> ACTIVITY: What you give must be the lines from the one containing "Sciences Médico-Sociales Bac" through the last line of the listing below, exactly, with nothing else and no pictures.

> DATA:
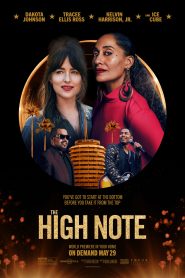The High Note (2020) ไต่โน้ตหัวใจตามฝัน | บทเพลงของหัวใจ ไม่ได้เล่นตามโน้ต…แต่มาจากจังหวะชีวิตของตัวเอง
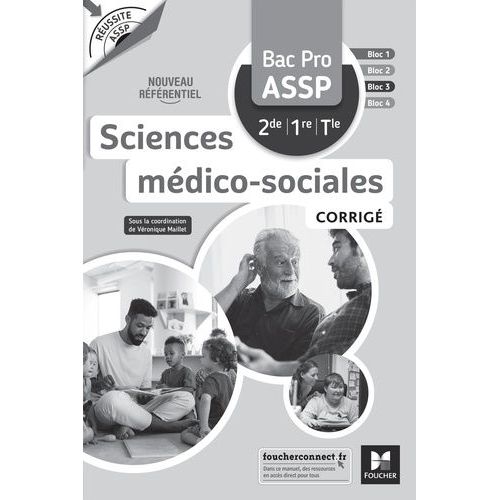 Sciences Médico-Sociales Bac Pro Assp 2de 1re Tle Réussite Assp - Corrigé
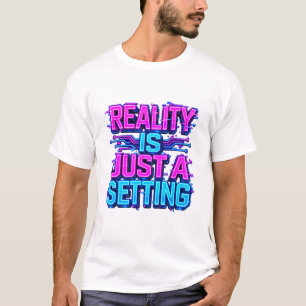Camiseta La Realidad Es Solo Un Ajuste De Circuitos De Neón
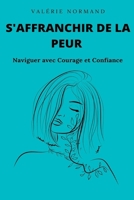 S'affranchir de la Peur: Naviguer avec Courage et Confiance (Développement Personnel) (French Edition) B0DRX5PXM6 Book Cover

> RESPONSE BOX:
 Sciences Médico-Sociales Bac Pro Assp 2de 1re Tle Réussite Assp - Corrigé
Camiseta La Realidad Es Solo Un Ajuste De Circuitos De Neón
 S'affranchir de la Peur: Naviguer avec Courage et Confiance (Développement Personnel) (French Edition) B0DRX5PXM6 Book Cover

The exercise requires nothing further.